While working with a client on a leadership performance development project, the company owner requested that we incorporate the performance behaviors we targeted as imperative into a standard of work process and chart that a former lean consultant had developed for their team leaders.   

They weren’t currently utilizing the standard of work, and the owner felt like it was a tool that should be used.  When I first looked at the chart, my immediate thought was how unbelievably micro-managing! The standard of work charted a daily schedule, in some cases, down to five minute increments.  I secretly wondered how these team leaders found the time to go to the restroom if they followed it.   And I vocally expressed my concern over the risk that this standard of work might prohibit innovative thinking on the part of the team leaders because it was so confining.   

We did modify the standard of work chart based on the clients request, making it less confining and incorporating key leadership behaviors into the process.  I still went away, however, skeptical of the idea of such a strenuous standard of work.   However, while listening a sermon last week I was struck by new way of thinking about the importance of tools for guiding our behavior on the job, whether it defined as standards of work, checklists or job aids.

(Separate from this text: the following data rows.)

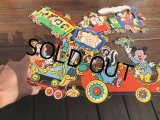 Vintage Dolly Toy Pin Ups Wall Decor Casey Jr. Circus Train Complete Set (B484)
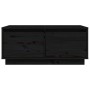Mesa de centro de madera maciza de pino negro 80x50x35 cm de vidaXL, Mesas de centro - Ref: Foro24-814443, Precio: 77,92 €, D...
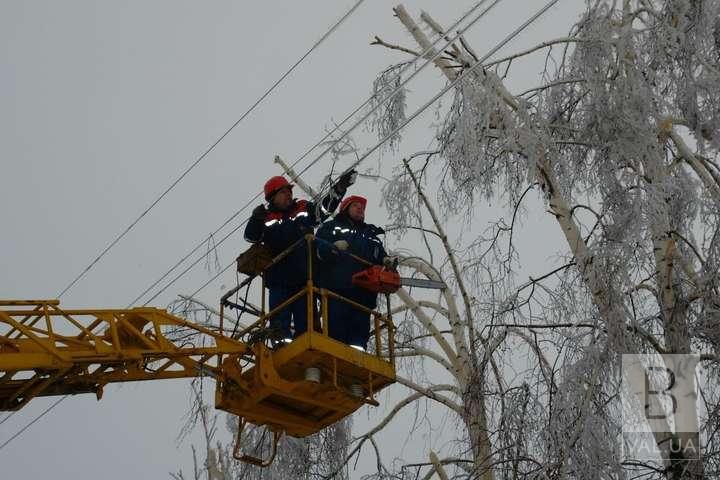 Через негоду 55 сіл на Чернігівщині залишились без світла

The minister began his sermon by talking about the book The Checklist Manifesto by Atul Gawande, explaining the author’s key point: checklists improve outcomes.   Whether it be surgeons working through a checklist prior to surgery or pilots prior to takeoff, checklists help even those who are the most expert or educated avoid costly mistakes.   

Here are some key points and changed ways of thinking I took away:
1.       In an increasingly complex world and work environment, checklists help provide the structure needed to make sure things aren’t missed.  They focus our efforts.
2.       A checklist or standard of work should start with first things first.  An example?  The first thing on a surgeon’s checklist- wash your hands.  The first thing on the team leaders in a manufacturing setting I referenced, check production outcomes required for the day.  
3.       One item should naturally flow to the next item. 
4.       Don’t make assumptions that people know they need to do a certain item and leave it off the checklist if the item is imperative to successful to performance.   Don’t leave “Wash your hands” off the surgeon’s checklist just because it seems to be common sense that it should be done.
5.       Checklists help us create positive habits.  Eventually the checklist isn’t even necessary it is so engrained in the way we behave.
6.       And finally, checklists should help us focus on relationships to other people, not hamper our interaction with others.  
7.       Checklists not an end, but a means to an end resulting better performance.

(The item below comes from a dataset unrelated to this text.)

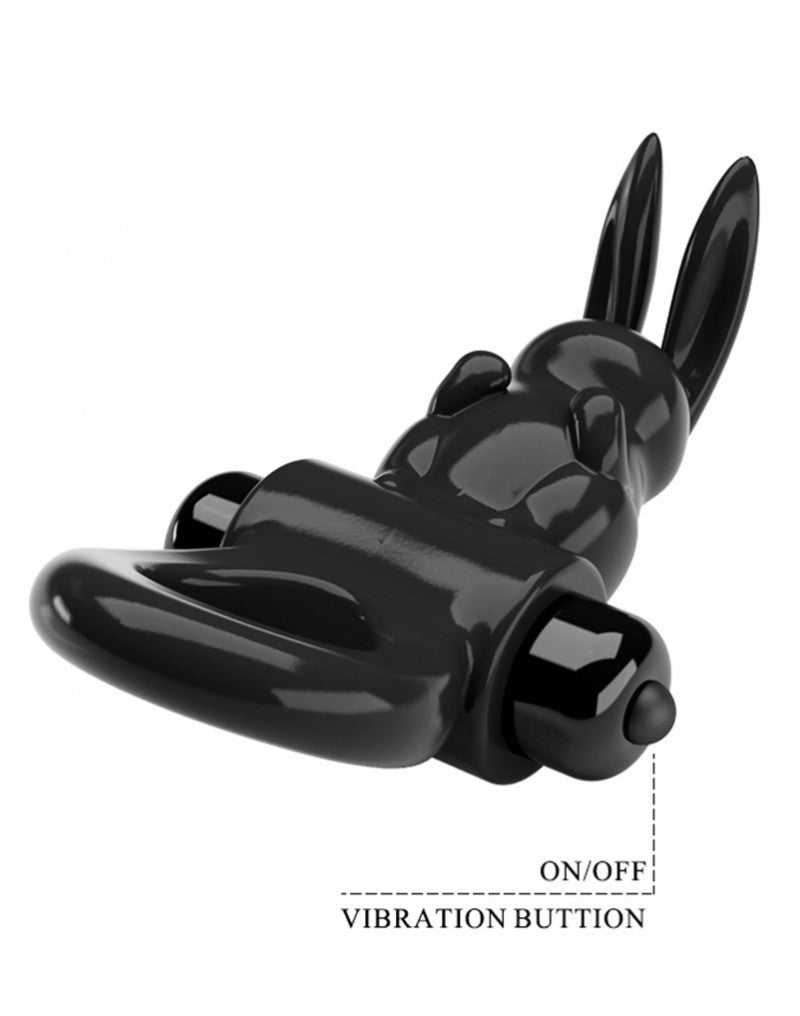 Pretty Love - Exciting Ring - Vibrierender Cockring - Schwarz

Why you may ask did a church sermon focus on checklists? Exodus 20:3-17. The 10 Commandments.  A checklist for living.  It focuses our efforts, puts first things first, one item naturally flows to the other, it makes no assumptions that the Israelites and us already knew that, it helps us create positive habits,  and focuses on how we should interact and treat other people.  

How have checklists or standards of work helped make you more successful at work and in life?